#ScienceDurable – Dans le laboratoire du MNHN, les vers parasites source d’étude et d’inspiration médicale
Auteure : Julie de Bouville, experte en communication
Relectrice : Coralie Martin, chercheuse au Muséum national d’Histoire Naturelle (MNHN)
Lorsque l’on demande à Coralie Martin, chercheuse au Muséum national d’Histoire Naturelle (MNHN), ce qui l’a conduit à étudier de près les parasites, la chercheuse répond sans détour : leur merveilleuse capacitée d’adaptation. « Je suis toujours impressionnée par les stratégies qu’ils adoptent pour assurer leur survie. Lorsque Trypanosoma brucei, responsable de la maladie du sommeil, change sans cesse sa couverture d’anticorps pour se dissimuler, d’autres Toxoplasma gondii se lovent dans les cellules qui sont censées les tuer. »

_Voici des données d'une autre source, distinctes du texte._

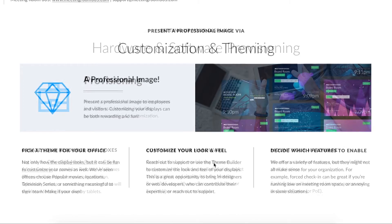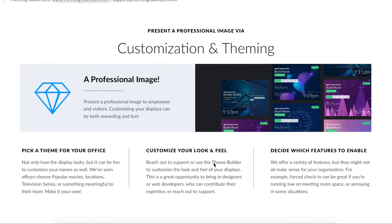Now, for the fun part — customization and theming. Meeting Room 365 offers a self-service theme builder and full support for unlimited tablet customization via custom CSS styles and scripts. You can add a custom background, logo, and color palette, or even a video background, with just a few clicks from the admin portal. No coding is required. You can also apply custom functionality and localization options.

Les parasites impressionnent aussi bien par leurs capacités d’adaptation que leur taux de multiplication souvent extraordinaire, ou encore leurs modes de circulation efficaces dans tous les écosystèmes …. Le MNHN en détient une des plus grandes collections au monde : « La collection des Vers Parasites du Muséum a été principalement constituée entre 1960 et 1990 sur la base du matériel récolté par le laboratoire dirigé par le Professeur Alain Chabaud, au cours de missions réalisées à l’étranger, précise la parasitologue. Depuis, on vient nous consulter dans le monde entier pour les étudier ou les identifier » Ainsi Coralie Martin se souvient du cas de ce jeune brésilien de 16 ans qui avait un vers de 10 cm traversant l’œil. Le vers était à la fois situé dans la chambre postérieure et antérieure de l’œil. « Ce qui était étonnant, c’est que ce parasite se retrouvait généralement chez les oiseaux, mais pas chez l’homme souligne la scientifique ». Après enquête, les chercheurs ont découvert que le jeune garçon travaillait sur les poteaux électriques ou nichaient de nombreux oiseaux. « Nous supposons que ces nids étaient infestés de puces et de tiques porteuses du parasite, c’est ainsi que la transmission a pu se faire. » Après le diagnostic posé, les chercheurs ont pu affirmer que ce cas était accidentel et que le risque était ponctuel et limité. « Ce type de conclusions, seuls les parasitologues peuvent les poser, pas les médecins qui n’ont pas ces connaissances poursuit Coralie Martin. C’est d’ailleurs tout l’intérêt de pouvoir travailler ensemble ».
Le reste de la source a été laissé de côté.